» **Data segment**:
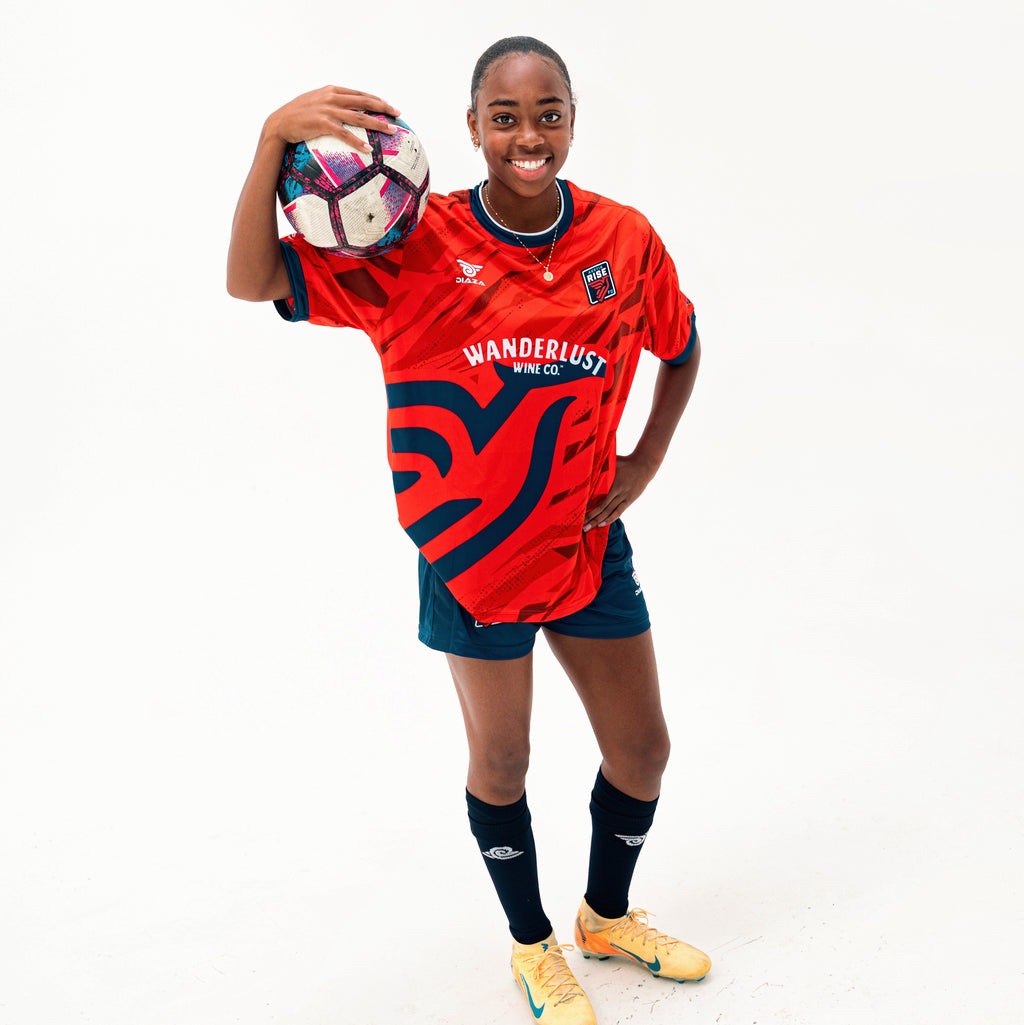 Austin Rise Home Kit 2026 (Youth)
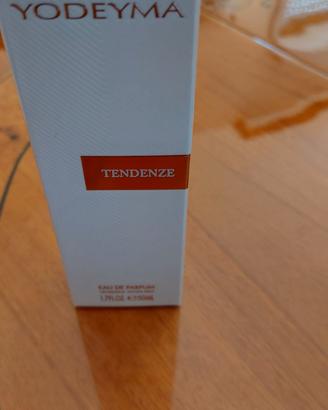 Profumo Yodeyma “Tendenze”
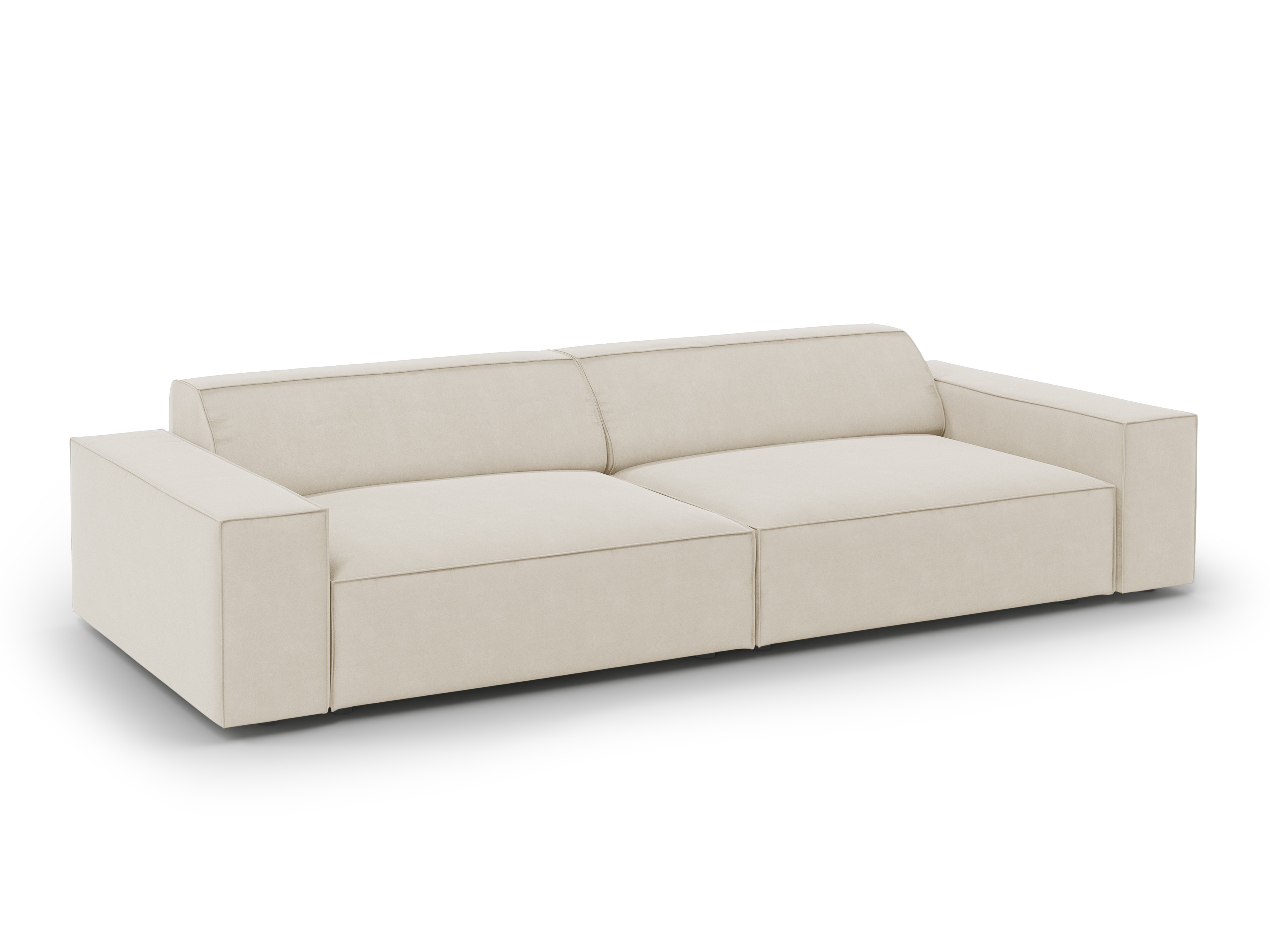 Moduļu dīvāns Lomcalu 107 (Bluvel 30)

» **What the task asks**: Every line above is to be repeated exactly, but no picture is to appear in the copy.

» **Output for this exercise**:
 Austin Rise Home Kit 2026 (Youth)
 Profumo Yodeyma “Tendenze”
 Moduļu dīvāns Lomcalu 107 (Bluvel 30)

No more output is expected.